Prior to viewing Midnight In Paris I was on the verge of discrediting the contemporary works of Woody Allen. While he is certainly a comedic master and a fine filmmaker, I was beginning to believe that his films post 2000 were nothing more than increasingly senile diatribes that egregiously missed their mark. This belief stood fast until I was about twenty or so minutes into Midnight In Paris and realized that Woody Allen was offering up something very intimate and sentimental that was artistically poignant while still adhering to the personal existentialism so key to classic Woody Allen films. What this film offers is a bittersweet reflection by the aging director on both the beauty and tragedy of nostalgia and how such longing for the past only causes individuals to ignore their own present. This ignorance towards the present is precisely what Allen's film focuses on, particularly as it relates to a person who finds himself becoming increasingly distant from his fiance and her peers. Instead of focusing on the woes of aging, Allen creates an all-encompassing study of a often asked question. That question being "Do I Belong Here?," and as Allen shows, through his film, the answer is rarely ever a simple one.
Midnight in Paris places it primary focus on Gil (Owen Wilson) a successful, but jaded, Hollywood screenwriter who has decided to pursue penning his own novel about a person who owns a nostalgia shop. Gil is joined by his disapproving fiance Inez (Rachel McAdams) who dismisses Gil's ponderings in favor of wooing over her friends husband Paul (Michael Sheen). While attempting to find inclusion within his wife's group of friends Gil realizes he is unwanted and takes up a tipsy trip through the streets of Paris. While stopping to take a breather and recalculate his route home, Gil is approached by a twenties era car whose occupants demand he join them. Reluctantly, Gil gets into the car to find people matching the cars look in their 1920's wardrobe and speech.
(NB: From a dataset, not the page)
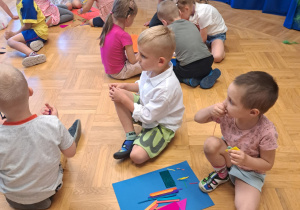 Dzieci w zespołach 3-4 osobowych wykonują plakat do bajki Pinokio z przygotowanych materiałów plastycznych- kolorowy papie, patyczki,kolorowe sznurki.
Through passing conversation, Gil realizes that he is in a car with F. Scott Fitzgerald (Tom Hiddleston) and his wife Zelda (Alison Pill). Bewildered Gil begins to verify whether or not he is truly residing in the world of 1920's Paris. He eventually runs into Ernest Hemingway (Corey Stoll), Gertrude Stein (Kathy Bates), Salvador Dali (Adrien Brody), Pablo Picasso (Marcial Di Fonzo Bo) and others, even taking a moment to suggest a plot for a film to Luis Bunuel (Adrien de Van), which film buffs will recognize as The Exterminating Angel. Through all this, Gil meets a woman named Adriana (Marion Cotillard) who he falls for instantly. However, each morning Gil awakes to his real world in the present day seeking only to return to the Paris of the 1920's, while ignoring his crumbling engagement and the rather blatant infidelity of his wife. Spurred on by the music of Cole Porter and the discovery of Adriana's journal in the present day, which mentions his exact words from a conversation the two shared the night before, Gil sets out to understand his own attachment to this other world of the past. On one particular night, Gil follows Adriana on her own trip to France at the turn of the 19th century in which Adriana insists they stay. It is only now that Gil realizes the flaws of his own nostalgic and illogical attachments to a time gone by and upon explaining his realization to Adriana, Gil returns to his time to end things with his fiance and wander the streets of Paris. This ability to disconnect from the seemingly inextricable ties of nostalgia allow for Gil to meet a woman on the streets of Paris thus ending the film with the two of them walking the streets of Paris in a poetic and sweet closing shot.
I mentioned the sentimentality of this film in the opening sentences of this review. I find it rather notable coming from a director like Woody Allen whose staunch pessimism has always found its way into his movies in the past. Whether it be Annie Hall or Bananas Allen's films remind viewers that reality usually lets us down, and that all does not end well. However, Midnight In Paris does not do these things, in fact, it does the opposite. In this film the guy gets the girl, all be it a girl who appears only momentarily throughout the film and is not the one viewers expect. More importantly, however, the character matures. In all of the other Allen films I can recall, Allen's characters, often played by the director himself, never advance and often stick to their old ways arguing that putting themselves on the line would only prove hazardous. In Midnight In Paris this is not the case, Gil absolutely puts himself out in the open for change. After desperate flailing and a rather harsh taste of reality, Gil accepts his own place in society and advances forward as opposed to staying stagnantly in the present, an absolutely mature approach to narrative from Woody Allen. Perhaps it is Allen's late age or love for old school movies, but if it were not for the occasional Freud inspired joke I would have had trouble placing this as a Woody Allen film and thought it more of a film Wes Anderson might make twenty years from now. Regardless, Midnight In Paris is a sobering look at aging and the past and is a promising reminder of how truly prolific of a filmmaker Woody Allen can be, hopefully, we will see many more films of this nature from the director in the years to come.
This is an absolutely gorgeous film and one of the best of the year. It is still making its way through the smaller theaters and there is no reason that you should not make it a goal of yours to see it before the New Year. More importantly, remember, when in doubt, it is all a rhinoceros.